By Andreas Rinke
BERLIN (Reuters) - A sigh of relief would go around the world if Democratic challenger Joe Biden wins the U.S. presidency but Berlin would still face many of the same policy problems with Washington, Germany's coordinator for transatlantic ties said on Friday.
Peter Beyer, a member of Chancellor Angela Merkel's conservative Christian Democrats, said Biden would offer a more collaborative tone than U.S. President Donald Trump who has called Germany's trade and spending policies "very bad".
Trump trails Biden in polls ahead of the Nov. 3 vote.
"A big sigh of relief would go around the planet if Joe Biden wins," Beyer told Reuters.
"Would it help?
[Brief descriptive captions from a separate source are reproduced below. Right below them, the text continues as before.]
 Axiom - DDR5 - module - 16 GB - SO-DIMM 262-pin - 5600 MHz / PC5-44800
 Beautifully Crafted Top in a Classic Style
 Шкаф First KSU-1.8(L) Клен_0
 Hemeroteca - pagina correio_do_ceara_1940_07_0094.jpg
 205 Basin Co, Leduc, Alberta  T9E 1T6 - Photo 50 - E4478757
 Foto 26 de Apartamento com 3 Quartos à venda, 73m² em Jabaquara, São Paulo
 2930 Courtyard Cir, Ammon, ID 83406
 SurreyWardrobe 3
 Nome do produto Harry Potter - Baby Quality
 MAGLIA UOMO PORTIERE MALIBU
I don't think so because (from) what we've heard from Joe Biden ... we will see that many of the existing transatlantic topics will remain, such as Nord Stream 2, energy security, economic issues," he added.
Trump has attacked Berlin for supporting the Nord Stream 2 gas pipeline spanning the Baltic Sea, accusing Germany of being a "captive" of Russia due to reliance on its energy.
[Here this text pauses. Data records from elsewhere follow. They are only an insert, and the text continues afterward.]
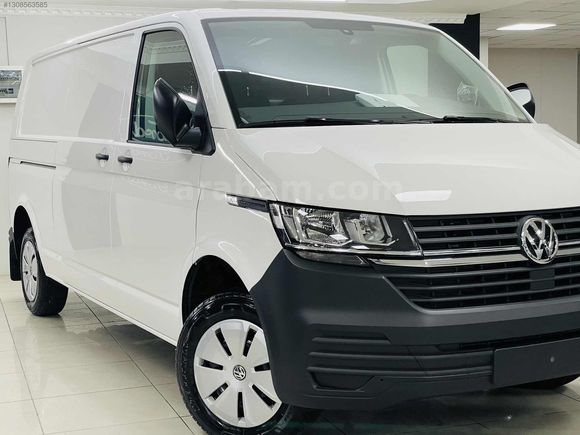 2023_150UZUN_PANELVAN_OTOMATİK_ÇARPIŞMA_ÖNLEYİCİ_ŞERİT_TAKİP_8KM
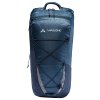 142337 4 vaude uphill 8 unisex batoh baltic sea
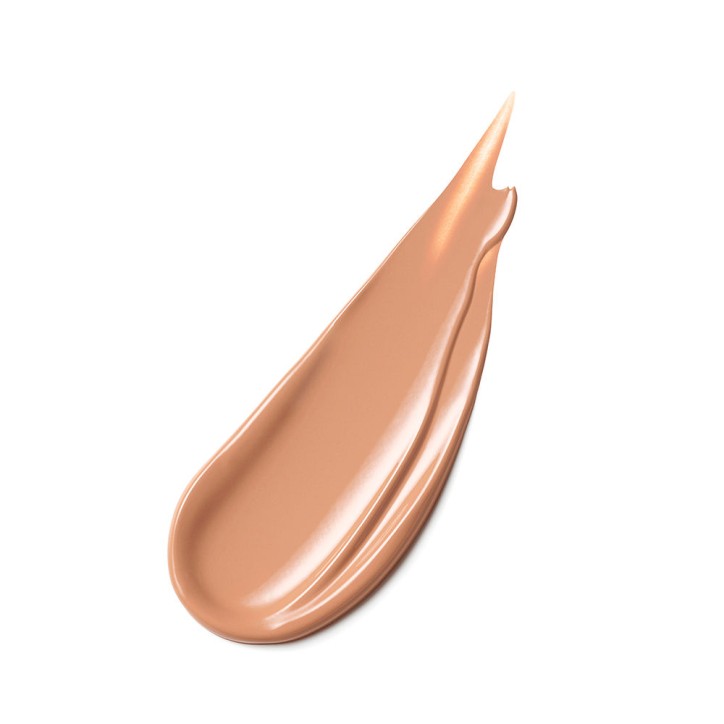 FUTURIST Soft Touch Brightening Skincealer Concealer 2N 6 ml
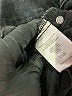 CAbi Hearts Black Jeans Size 6 - photo 6
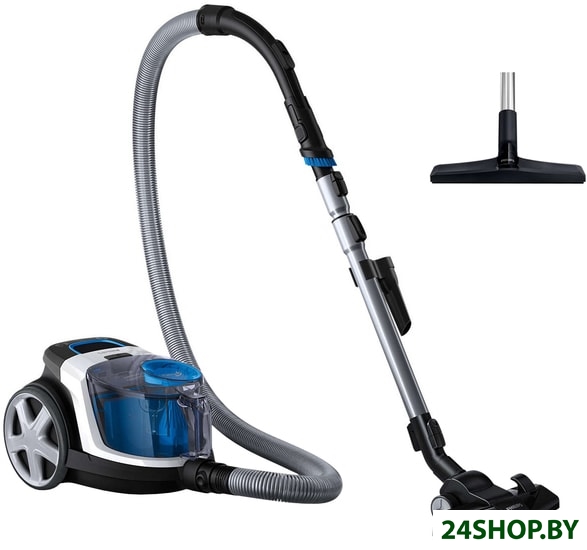 Пылесос PHILIPS FC9332/09 Пылесос PHILIPS FC9332/09
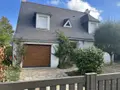 Maison a vendre Orvault 44700 Loire-Atlantique 44 170 m2 7 pièces 493500 euros 44028-1586 002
"We would be well advised to expect a president Joe Biden to be much more collaborative, he would be much friendlier in tone, but many of the issues will remain on the table, some would be much easier to address, others would be tough," Beyer said.
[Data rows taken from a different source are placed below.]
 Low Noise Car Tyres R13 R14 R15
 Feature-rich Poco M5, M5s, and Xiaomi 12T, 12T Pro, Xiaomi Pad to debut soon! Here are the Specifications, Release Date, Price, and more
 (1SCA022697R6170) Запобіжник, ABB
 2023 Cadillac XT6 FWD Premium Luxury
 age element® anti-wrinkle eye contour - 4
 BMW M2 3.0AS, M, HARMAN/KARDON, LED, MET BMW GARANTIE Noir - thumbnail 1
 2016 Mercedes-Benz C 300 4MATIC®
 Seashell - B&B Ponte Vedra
"One of his top priorities would be healing the wounds of his own country. There's a lot to do."
Trump has also accused Germany of taking advantage of the United States while not meeting financial obligations to NATO, the military organization he once called obsolete to the chagrin of shocked allies.
Defence Minister Annegret Kramp-Karrenbauer said Germany was looking forward to more clarity in U.S. foreign policy.
"We are not in favour of a disruptive political style," Kramp-Karrenbauer, another close ally of Merkel, said on Friday according to a pre-distributed text of her speech.
The U.S. military in July unveiled plans to withdraw about 12,000 troops from Germany.